Resourceful punks and hungry hippies, activists, artists, basement renters, van-lifers, and couch-surfers took part in the takeover of this former dump site with a road right-of-way running through it. An Indigenous youth group built a sweat lodge for ceremonies. Volunteers pried apart pallets and put together a compost-to-soil system. Much of the land is still covered with impenetrable blackberry thickets three meters tall. But those bramble bushes feed people too.
For years, the city wielded its road easement like a sword, periodically threatening to build a new highway through the neighbourhood and the garden. New highways were indeed built, but the Prior Street corridor was spared.
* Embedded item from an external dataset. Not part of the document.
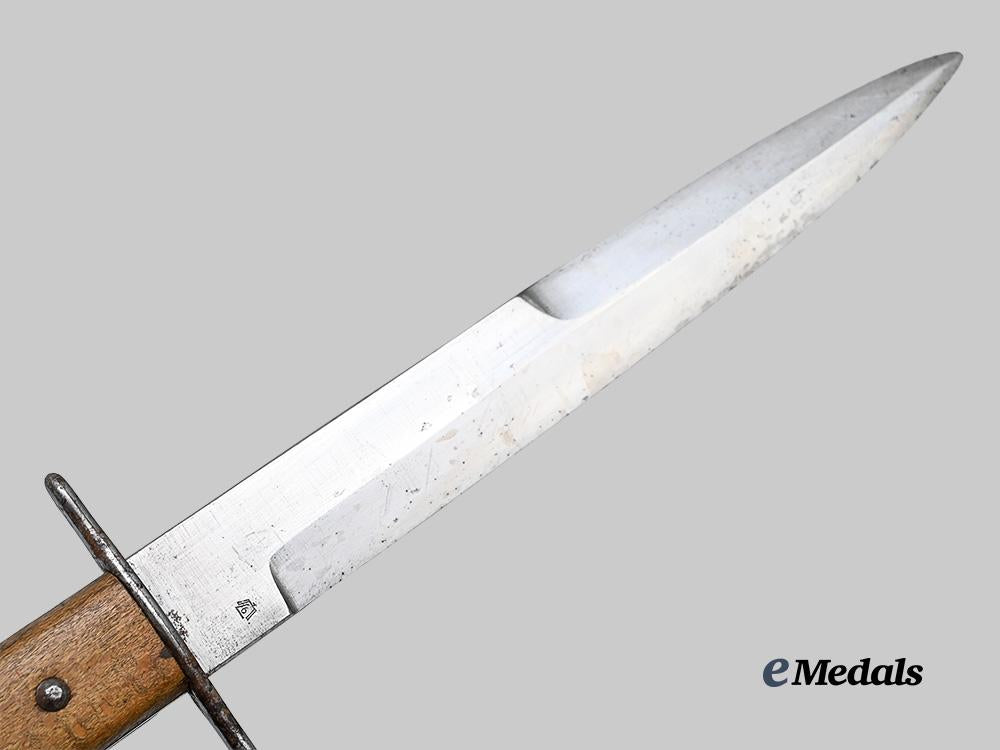 germany,_wehrmacht._a_boot_knife_for_close_combat_e_medals__g61794_8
Eventually, the city granted the gardens a 25-year lease that expires in 2030. But there’s no guarantee that city politics and development pressure won’t bring the sword down on the gardens after all.
Over on Vancouver Island, the boulevard gardens and front-yard veggie patches of Victoria’s Fernwood neighbourhood had “gone mainstream” by 2014, according to the Fernwood Neighbourhood Resource Group. After years of bylaw skirmishes, the city gave in and awarded its stamp of approval, and hundreds of homeowners turned to horticulture.
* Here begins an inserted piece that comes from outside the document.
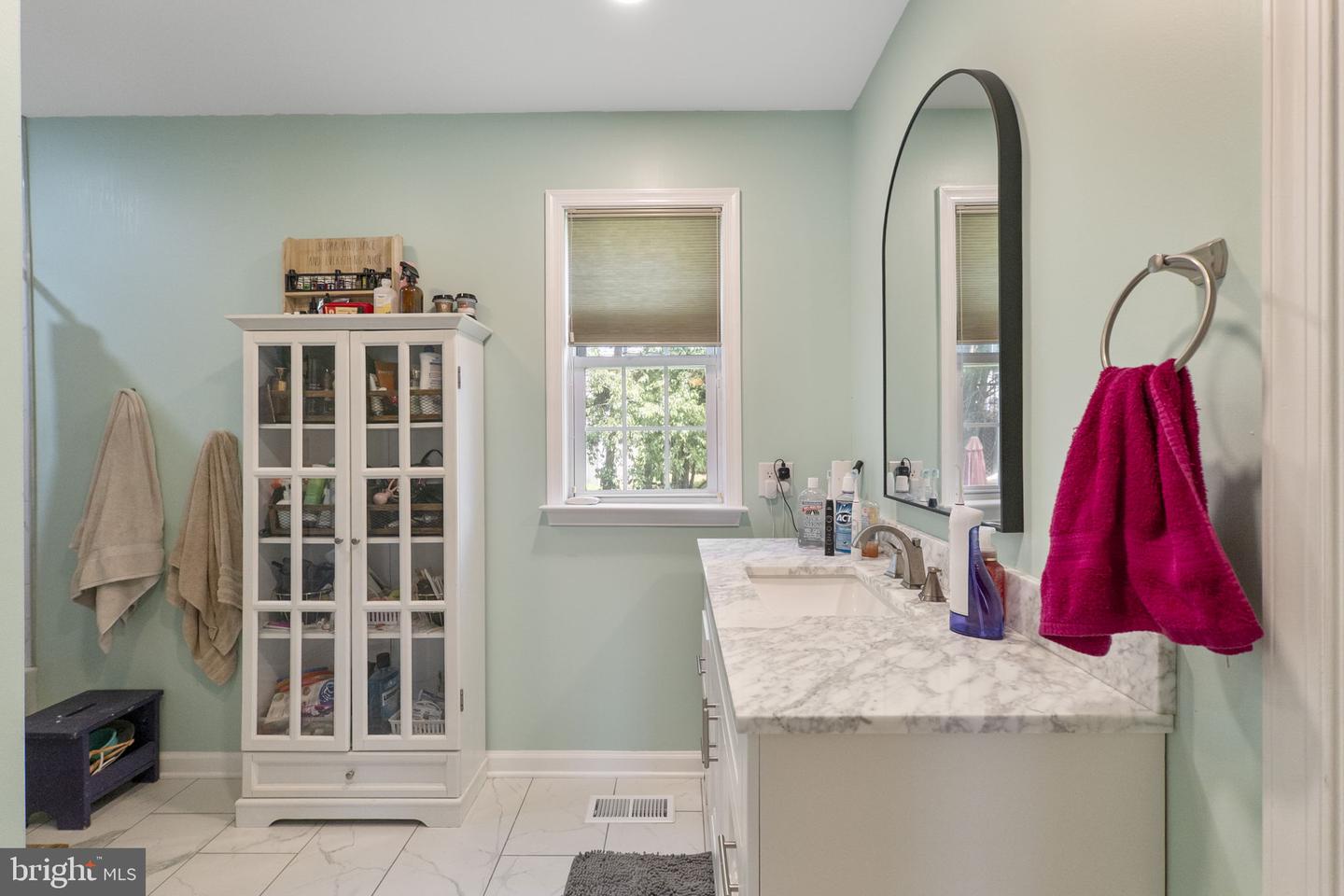 131 ASBURY RD, WINCHESTER, Virginia 22602, 4 Bedrooms Bedrooms, 12 Rooms Rooms,2 BathroomsBathrooms,Residential,For sale,131 ASBURY RD,VAFV2035148 MLS # VAFV2035148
Why, then, has the trend not spread throughout Victoria and every city across the country? Especially now, as punishing tariffs make fresh produce from the south increasingly scarce and expensive?
There’s nothing new about boulevard veggies and front-yard gardens. Almost one hundred years ago, during the Great Depression, cities and provincial governments established Relief Gardens. Almost a quarter million plots fed throngs of the unemployed. Victory Gardens followed during World War II, from Nova Scotia to Vancouver Island and everywhere in between.
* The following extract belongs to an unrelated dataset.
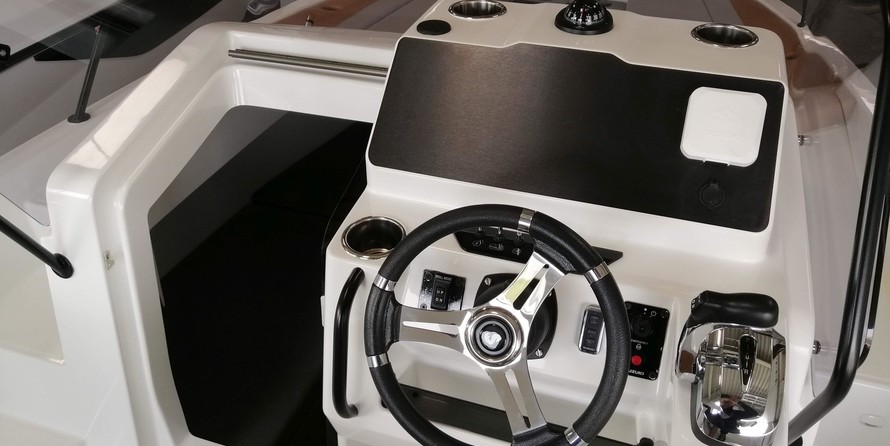 Beneteau Flyer 7 SUNdeck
In more recent times, cities and provinces have seldom taken the lead on these projects. Quite the opposite: guerrilla gardeners in the ’80s and ’90s were rebelling against rules, government, authority, and gentrification. Cheeky slogans were everywhere: “Squash the state!” “Beet the system!” and “Give peas a chance!” These urban guerrillas went hand in hand with radical movements like Food Not Lawns and rowdy street-party scenesters symbolically ripping up roads with sledgehammers and planting parsnips in parking spaces. A short-lived burst of exuberance, but we thought we were changing the world.
Agriculture, of course, is an intensive working of the land. Planting a garden is very different from living the way original peoples did (and sometimes still do), foraging, gathering, scavenging, and hunting. Agriculture allowed the human population to explode to unsustainable levels, and that population now requires massive exploitation of the land. To survive the coming collapse, we’ll need a new wave of Relief Gardens. And if governments won’t lead, ordinary people will.